海外作家賞は、菊田樹子氏の調査に基づいた丁寧な説明を踏まえたうえで審査に移り、対象国のフランスから、ヴァサンタ・ヨガナンタン氏が選ばれた。ヨガナンタン氏は、古代インドの大⻑編叙事詩『ラーマーヤナ』を現代的に再話、各章ごとに1冊ずつ写真集化する⻑期プロジェクト「A Myth of Two Souls」を展開している。写真だけでなく、イラストレーション、インドの伝統的な着色、土地固有のイメージなどを織り交ぜた表現が高く評価された。

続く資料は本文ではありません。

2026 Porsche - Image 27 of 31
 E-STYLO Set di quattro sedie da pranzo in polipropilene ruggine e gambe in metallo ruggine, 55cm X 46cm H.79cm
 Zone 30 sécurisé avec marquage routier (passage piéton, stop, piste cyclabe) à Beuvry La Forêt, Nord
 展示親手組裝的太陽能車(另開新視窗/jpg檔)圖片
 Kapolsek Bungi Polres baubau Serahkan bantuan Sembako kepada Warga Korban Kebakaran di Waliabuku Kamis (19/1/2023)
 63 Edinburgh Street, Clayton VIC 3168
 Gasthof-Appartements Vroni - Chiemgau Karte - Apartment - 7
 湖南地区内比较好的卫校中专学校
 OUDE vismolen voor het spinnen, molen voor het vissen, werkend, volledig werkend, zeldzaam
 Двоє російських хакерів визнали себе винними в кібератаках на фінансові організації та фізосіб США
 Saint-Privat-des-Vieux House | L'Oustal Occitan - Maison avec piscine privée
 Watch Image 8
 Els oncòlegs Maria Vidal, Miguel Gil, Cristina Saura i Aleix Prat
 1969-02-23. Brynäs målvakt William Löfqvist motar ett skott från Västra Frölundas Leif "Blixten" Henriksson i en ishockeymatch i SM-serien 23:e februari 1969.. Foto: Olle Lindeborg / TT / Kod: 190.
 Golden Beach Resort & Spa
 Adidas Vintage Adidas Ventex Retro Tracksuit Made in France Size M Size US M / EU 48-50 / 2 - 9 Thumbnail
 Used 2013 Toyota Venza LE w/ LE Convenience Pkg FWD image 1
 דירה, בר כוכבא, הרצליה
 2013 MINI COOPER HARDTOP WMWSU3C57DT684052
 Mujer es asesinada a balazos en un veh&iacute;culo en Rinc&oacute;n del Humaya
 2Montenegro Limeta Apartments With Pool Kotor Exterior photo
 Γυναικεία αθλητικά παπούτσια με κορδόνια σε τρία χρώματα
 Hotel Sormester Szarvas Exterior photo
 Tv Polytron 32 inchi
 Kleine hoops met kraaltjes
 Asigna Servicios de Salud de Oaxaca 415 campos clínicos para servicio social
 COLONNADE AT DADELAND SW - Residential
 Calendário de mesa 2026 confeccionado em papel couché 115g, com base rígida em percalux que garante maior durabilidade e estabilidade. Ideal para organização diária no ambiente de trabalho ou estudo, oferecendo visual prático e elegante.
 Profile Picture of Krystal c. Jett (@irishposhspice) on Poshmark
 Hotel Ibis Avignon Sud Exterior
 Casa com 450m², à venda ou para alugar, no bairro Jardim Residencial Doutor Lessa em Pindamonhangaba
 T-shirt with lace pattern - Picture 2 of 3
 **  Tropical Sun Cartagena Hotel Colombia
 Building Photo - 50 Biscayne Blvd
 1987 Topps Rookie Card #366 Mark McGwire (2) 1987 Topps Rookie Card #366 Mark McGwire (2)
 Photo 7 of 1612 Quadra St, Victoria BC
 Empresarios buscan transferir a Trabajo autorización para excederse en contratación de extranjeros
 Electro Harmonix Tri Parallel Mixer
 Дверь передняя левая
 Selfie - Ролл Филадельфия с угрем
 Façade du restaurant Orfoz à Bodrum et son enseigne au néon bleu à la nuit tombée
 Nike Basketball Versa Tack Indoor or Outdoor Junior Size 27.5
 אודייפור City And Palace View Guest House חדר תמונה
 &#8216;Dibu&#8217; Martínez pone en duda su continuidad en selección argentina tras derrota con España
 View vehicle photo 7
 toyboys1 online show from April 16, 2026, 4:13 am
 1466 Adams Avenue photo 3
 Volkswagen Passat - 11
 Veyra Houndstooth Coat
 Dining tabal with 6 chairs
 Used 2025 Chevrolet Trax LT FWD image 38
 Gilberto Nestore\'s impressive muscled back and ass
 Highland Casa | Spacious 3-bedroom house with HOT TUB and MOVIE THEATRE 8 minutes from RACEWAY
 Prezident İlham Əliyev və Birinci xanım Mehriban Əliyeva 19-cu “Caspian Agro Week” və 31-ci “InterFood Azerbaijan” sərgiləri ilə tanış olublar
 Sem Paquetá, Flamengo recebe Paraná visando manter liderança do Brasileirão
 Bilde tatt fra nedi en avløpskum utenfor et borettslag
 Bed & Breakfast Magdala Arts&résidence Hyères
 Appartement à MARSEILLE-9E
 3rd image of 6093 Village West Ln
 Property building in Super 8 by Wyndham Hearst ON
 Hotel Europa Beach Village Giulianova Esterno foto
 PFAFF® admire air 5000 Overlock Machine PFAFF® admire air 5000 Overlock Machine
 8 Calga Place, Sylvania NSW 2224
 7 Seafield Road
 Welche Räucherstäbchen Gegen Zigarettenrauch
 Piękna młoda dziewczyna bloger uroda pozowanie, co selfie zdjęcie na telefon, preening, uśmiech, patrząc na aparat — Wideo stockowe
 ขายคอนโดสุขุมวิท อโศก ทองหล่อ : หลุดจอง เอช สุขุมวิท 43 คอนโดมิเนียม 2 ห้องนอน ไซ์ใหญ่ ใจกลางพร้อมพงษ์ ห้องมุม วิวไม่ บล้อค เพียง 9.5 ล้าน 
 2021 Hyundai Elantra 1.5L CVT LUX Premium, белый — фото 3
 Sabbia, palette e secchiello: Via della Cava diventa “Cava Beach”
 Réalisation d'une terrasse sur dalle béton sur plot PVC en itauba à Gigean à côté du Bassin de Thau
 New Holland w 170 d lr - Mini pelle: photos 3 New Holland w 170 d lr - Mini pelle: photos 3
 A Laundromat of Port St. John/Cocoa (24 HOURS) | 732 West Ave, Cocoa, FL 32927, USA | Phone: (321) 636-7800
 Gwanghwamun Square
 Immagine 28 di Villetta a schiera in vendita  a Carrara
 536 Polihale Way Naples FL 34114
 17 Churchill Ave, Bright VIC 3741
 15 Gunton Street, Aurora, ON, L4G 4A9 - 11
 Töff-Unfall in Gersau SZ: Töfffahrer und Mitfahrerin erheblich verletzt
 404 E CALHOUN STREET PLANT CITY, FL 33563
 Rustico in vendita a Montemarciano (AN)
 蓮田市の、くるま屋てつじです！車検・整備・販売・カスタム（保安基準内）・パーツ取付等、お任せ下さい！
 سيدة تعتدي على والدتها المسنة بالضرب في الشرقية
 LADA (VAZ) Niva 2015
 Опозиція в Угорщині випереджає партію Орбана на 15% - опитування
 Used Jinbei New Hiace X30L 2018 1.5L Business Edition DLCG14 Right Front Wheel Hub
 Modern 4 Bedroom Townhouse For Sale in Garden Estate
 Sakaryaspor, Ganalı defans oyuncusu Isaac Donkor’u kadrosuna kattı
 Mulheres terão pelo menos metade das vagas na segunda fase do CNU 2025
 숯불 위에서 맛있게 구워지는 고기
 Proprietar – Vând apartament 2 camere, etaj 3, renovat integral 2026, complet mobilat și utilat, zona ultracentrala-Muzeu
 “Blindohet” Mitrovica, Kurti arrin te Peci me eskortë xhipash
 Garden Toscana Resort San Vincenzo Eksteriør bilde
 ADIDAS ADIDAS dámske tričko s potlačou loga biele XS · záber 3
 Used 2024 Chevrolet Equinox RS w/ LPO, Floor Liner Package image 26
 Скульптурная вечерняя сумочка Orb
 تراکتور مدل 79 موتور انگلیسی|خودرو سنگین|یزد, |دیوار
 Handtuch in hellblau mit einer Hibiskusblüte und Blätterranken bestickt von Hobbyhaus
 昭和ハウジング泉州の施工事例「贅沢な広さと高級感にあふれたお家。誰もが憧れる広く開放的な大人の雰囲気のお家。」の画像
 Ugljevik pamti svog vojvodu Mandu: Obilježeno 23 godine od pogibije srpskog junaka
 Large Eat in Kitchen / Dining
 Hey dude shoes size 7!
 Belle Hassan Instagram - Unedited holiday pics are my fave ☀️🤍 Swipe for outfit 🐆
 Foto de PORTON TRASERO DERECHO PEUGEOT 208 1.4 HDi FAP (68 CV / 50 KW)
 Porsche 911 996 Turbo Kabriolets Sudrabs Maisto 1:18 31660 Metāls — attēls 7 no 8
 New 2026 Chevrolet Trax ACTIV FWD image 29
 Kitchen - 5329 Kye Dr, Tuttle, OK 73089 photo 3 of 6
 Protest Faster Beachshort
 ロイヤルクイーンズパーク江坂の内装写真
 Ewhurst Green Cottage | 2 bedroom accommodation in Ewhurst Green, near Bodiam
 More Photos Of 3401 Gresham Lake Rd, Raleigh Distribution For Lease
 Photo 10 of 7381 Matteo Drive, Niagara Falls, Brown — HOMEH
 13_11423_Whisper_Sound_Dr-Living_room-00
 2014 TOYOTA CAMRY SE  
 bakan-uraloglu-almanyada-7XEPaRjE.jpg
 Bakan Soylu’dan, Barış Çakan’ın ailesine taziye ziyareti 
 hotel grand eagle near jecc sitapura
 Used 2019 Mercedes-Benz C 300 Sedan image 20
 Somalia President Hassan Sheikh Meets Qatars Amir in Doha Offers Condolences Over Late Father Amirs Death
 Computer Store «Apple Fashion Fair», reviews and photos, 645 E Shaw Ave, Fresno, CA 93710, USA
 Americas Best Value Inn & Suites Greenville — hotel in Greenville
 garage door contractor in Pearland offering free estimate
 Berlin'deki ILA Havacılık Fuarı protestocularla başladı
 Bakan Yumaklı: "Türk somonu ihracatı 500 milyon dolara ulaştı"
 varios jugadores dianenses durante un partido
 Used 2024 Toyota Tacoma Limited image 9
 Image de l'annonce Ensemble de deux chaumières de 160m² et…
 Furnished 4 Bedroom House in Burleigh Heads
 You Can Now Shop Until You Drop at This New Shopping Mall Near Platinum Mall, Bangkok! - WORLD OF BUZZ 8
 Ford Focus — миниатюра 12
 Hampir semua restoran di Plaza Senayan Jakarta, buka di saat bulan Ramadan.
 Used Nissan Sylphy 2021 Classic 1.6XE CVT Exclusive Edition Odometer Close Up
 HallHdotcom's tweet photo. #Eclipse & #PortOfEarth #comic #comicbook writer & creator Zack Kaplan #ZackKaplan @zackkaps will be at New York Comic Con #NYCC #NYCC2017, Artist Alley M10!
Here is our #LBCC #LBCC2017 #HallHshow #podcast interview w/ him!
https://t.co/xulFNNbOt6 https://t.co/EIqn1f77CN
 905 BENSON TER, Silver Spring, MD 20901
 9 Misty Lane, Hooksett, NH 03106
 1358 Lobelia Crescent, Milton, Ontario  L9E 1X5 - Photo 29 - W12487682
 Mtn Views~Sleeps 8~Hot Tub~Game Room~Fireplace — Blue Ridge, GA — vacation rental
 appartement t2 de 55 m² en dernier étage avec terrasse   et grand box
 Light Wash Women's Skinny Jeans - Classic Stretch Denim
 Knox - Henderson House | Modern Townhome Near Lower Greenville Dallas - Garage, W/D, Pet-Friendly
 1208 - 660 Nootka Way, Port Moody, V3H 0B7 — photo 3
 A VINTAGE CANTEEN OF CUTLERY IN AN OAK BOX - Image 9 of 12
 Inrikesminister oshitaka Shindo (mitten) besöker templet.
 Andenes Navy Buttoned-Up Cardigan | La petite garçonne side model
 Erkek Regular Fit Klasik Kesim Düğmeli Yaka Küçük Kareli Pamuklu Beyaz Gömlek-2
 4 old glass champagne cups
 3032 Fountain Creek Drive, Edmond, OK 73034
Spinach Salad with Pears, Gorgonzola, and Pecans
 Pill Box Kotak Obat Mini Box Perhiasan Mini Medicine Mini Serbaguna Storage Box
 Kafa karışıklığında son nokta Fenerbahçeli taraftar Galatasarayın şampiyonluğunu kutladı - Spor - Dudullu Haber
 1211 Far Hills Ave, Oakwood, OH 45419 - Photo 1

2020年の審査会後に深刻化していったコロナ禍も一区切りつき、ようやく例年どおりに戻った今年の審査会は、くしくも40回目の節目となる審査会となった。40年という年月は歴史と伝統という言葉で呼ぶに十分な長さだと思うが、その歴史と伝統は、絶えざる革新によって育まれてきたものでもある。さらなる発展に向けて、東川賞はどう革新していくべきか。今年の審査には、多かれ少なかれそのような思いが反映しているように思う。1985年の「写真の町宣言」から、2014年の「写真文化首都宣言」を経て現在に至るまで、その趣旨に共感した町の人々の多大な努力と、世界の人々の共感の力に導かれながら、新たな一歩を踏み出していきたい。